Miró al infinito. El cielo seguía oscuro y encapotado, pero el sol se dejaba intuir ya en lo alto de las colinas. Las piernas dejaron de temblar le por el frío y empezaron a temblar le por el miedo, mientras imaginaba el sonido de su cuerpo reventándose contra el suelo. Pero el miedo ya daba igual. Solo tenía que dejarse caer. Una lágrima rodó por su mejilla. Sacó un pequeño papel y lo estrechó en su mano libre. Era una foto suya. De cuando era apenas un crío, sonriendo desdentadamente a la cámara, con la barbilla muy alta y los ojos brillantes.

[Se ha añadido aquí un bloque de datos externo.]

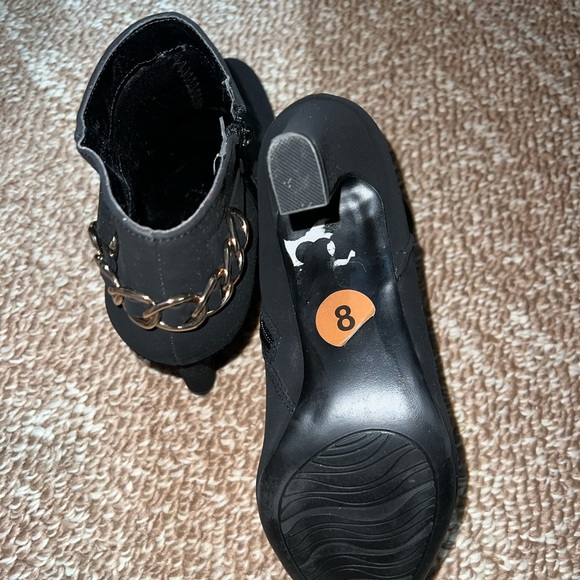 Impo heels with gold accent - Picture 3 of 3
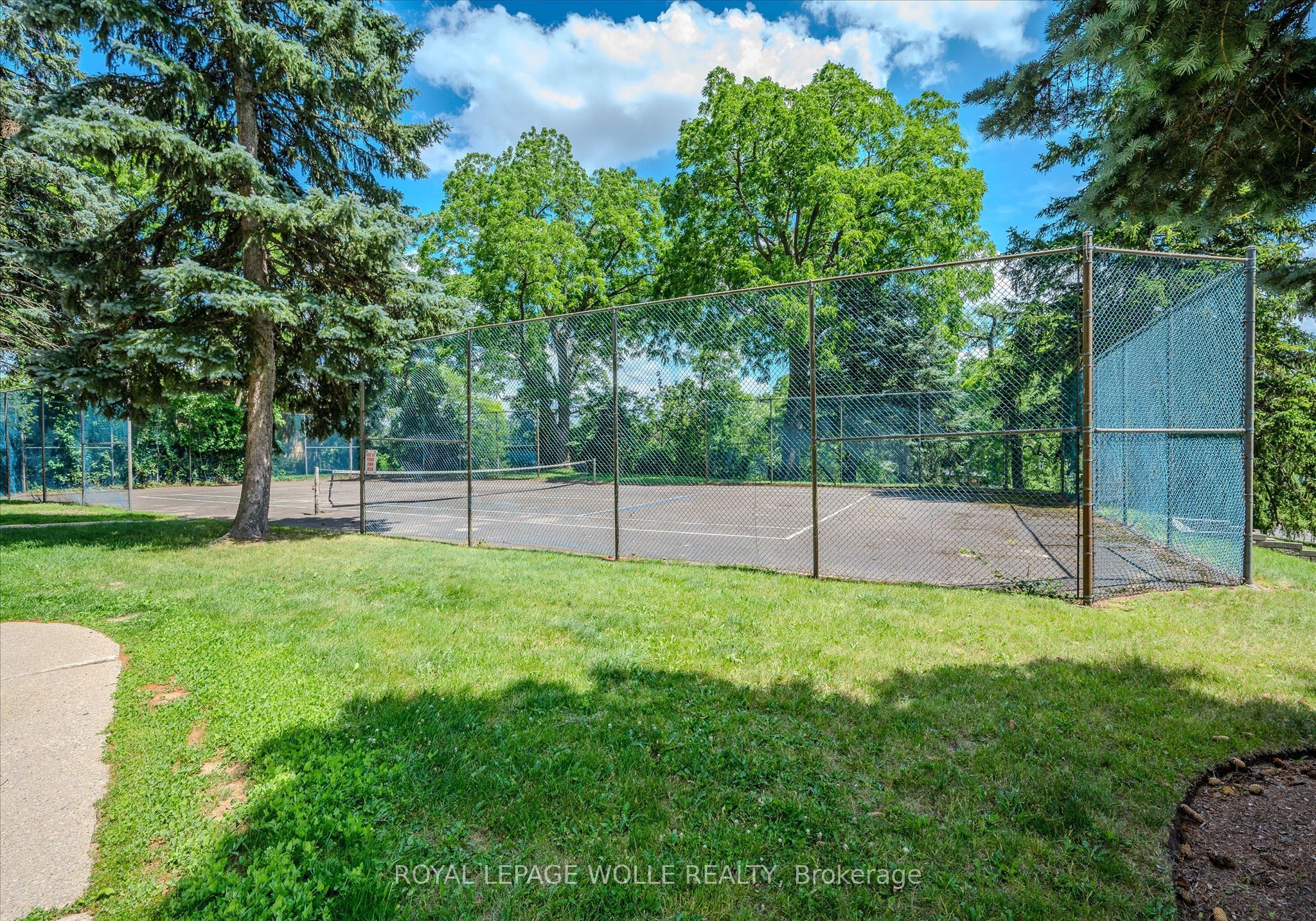 260 Sheldon Avenue N Ph2 Property Photo 34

Un pitido familiar sonó desde su móvil. Era el avisó de la batería. Fue la pura costumbre lo que arrastró su rostro hacia la pantalla como se arrastra un hombre en el desierto a por agua. «la batería es del 5%». El aviso tapaba todos los mensajes que le había enviado Aurora. Todos, menos el último.

Claro que da igual, tonto, si aún importara algo de aquello ¿Como íbamos a empezar de cero? Acuéstate ya imbécil.

Sin dejar de llorar, empezó a reírse. Sus carcajadas eran mudas ante el quedo bramar del viento, pero inmensas en su silencio. Y eso era bueno, porque le daba igual.